**Task instructions:** Look in the data below for the line that has "SEAT Leon ST", then print exactly every line from there through the line that has "Pair of French", leaving pictures out.

**Material to process:**
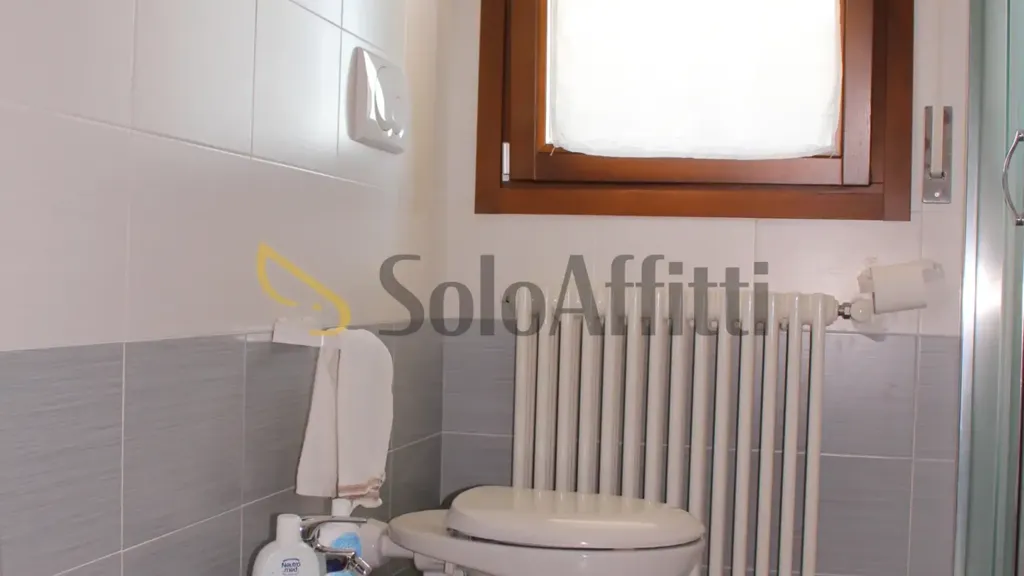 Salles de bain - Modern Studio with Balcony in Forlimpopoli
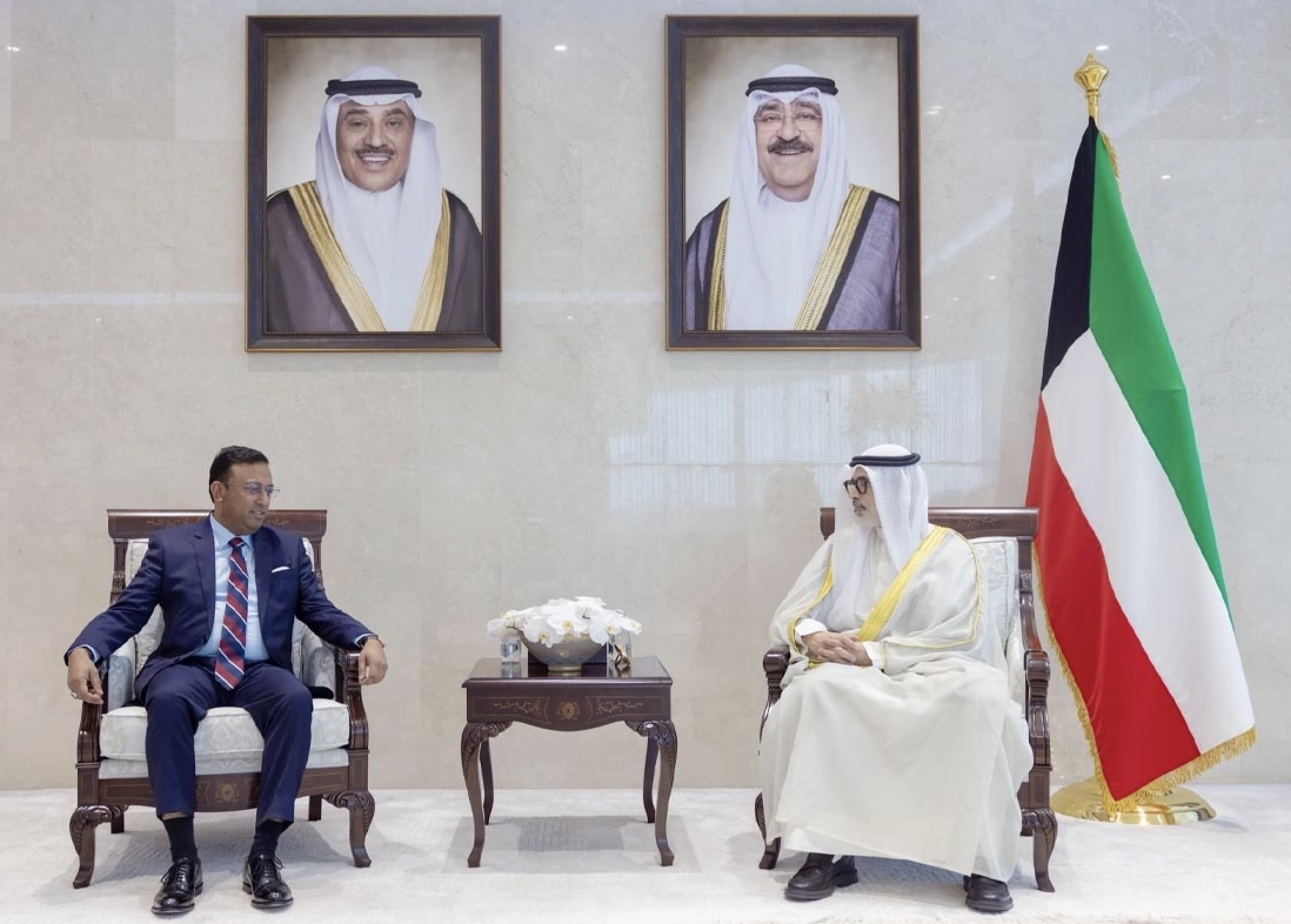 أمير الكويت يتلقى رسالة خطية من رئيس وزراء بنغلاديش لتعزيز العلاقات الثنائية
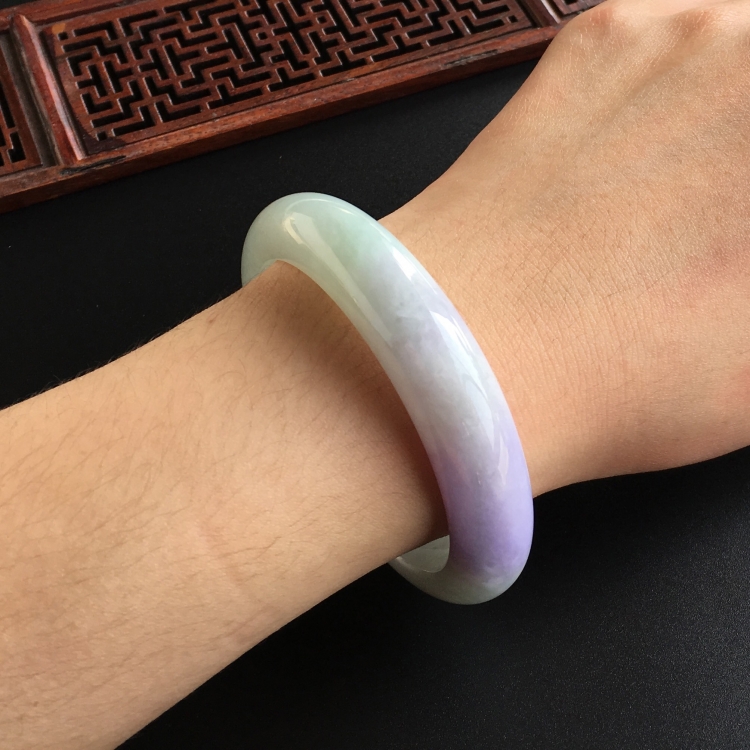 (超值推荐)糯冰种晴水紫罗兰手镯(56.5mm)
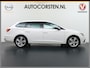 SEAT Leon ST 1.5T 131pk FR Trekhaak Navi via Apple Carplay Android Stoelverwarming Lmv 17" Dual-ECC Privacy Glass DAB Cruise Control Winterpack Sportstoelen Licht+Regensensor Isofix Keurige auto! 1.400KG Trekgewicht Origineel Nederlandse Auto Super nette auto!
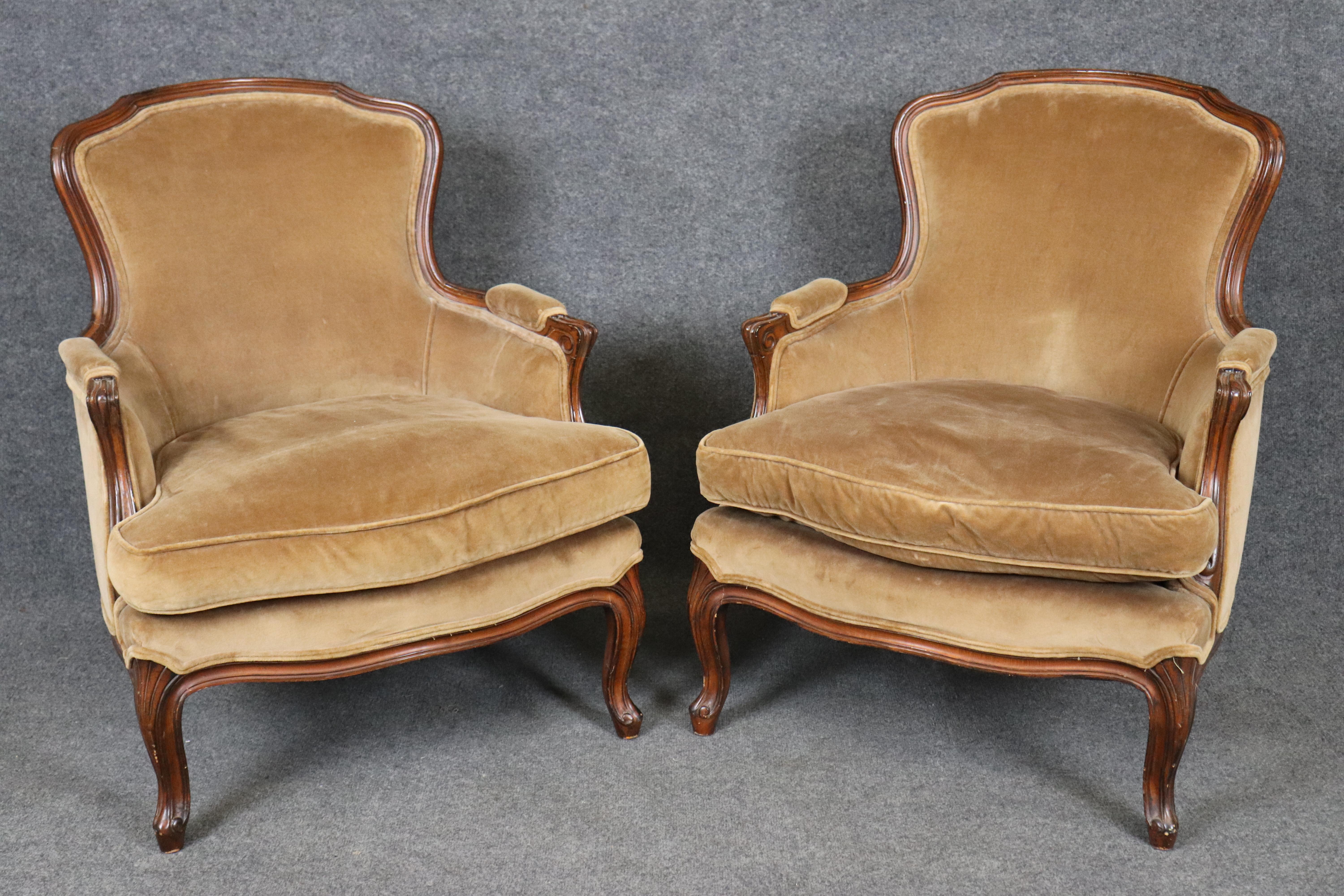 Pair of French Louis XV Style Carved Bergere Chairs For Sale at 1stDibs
...
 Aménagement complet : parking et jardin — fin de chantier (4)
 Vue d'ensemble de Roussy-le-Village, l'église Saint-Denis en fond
* * *
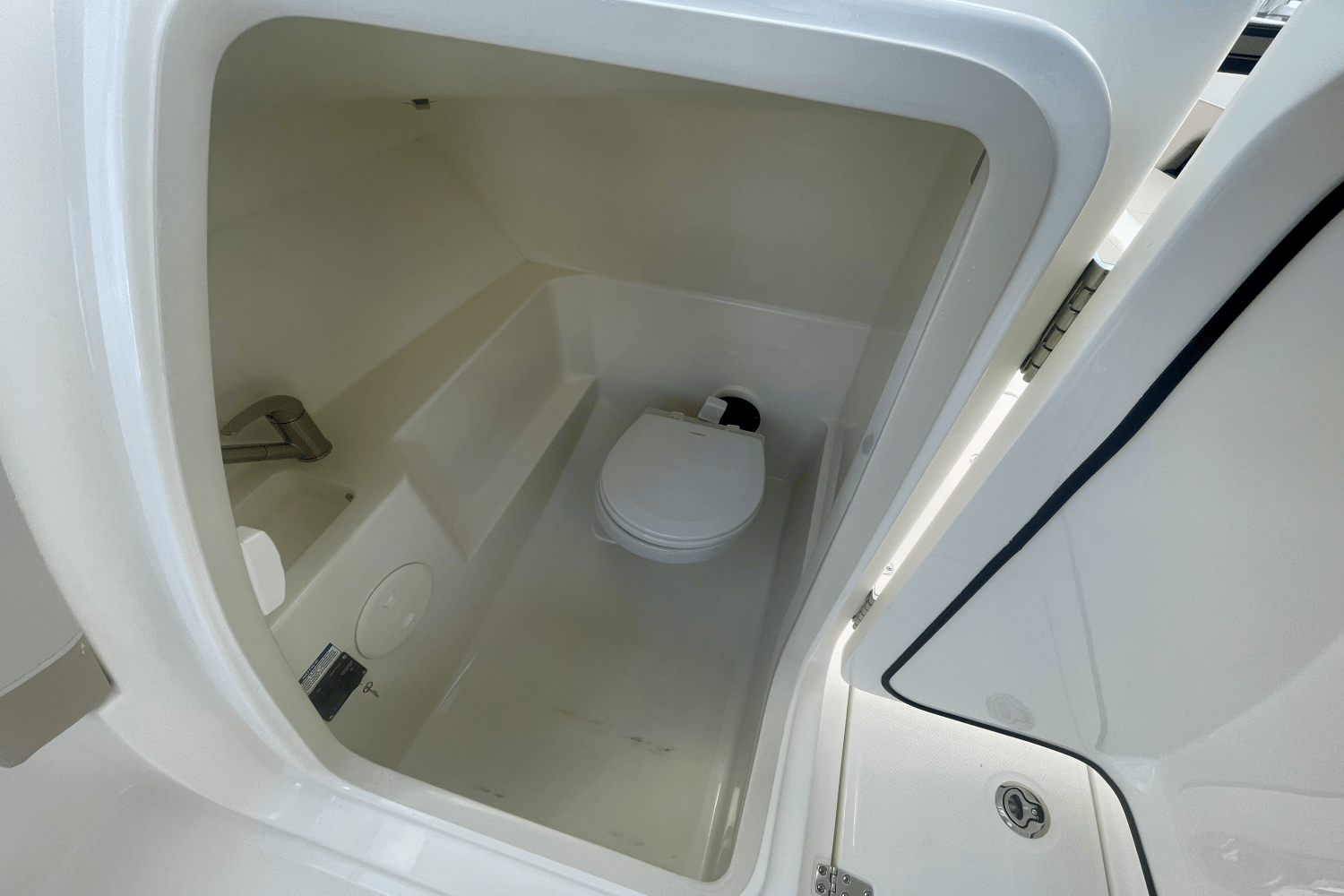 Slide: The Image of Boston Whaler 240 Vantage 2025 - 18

**Answer space:**
 SEAT Leon ST 1.5T 131pk FR Trekhaak Navi via Apple Carplay Android Stoelverwarming Lmv 17" Dual-ECC Privacy Glass DAB Cruise Control Winterpack Sportstoelen Licht+Regensensor Isofix Keurige auto! 1.400KG Trekgewicht Origineel Nederlandse Auto Super nette auto!
 Pair of French Louis XV Style Carved Bergere Chairs For Sale at 1stDibs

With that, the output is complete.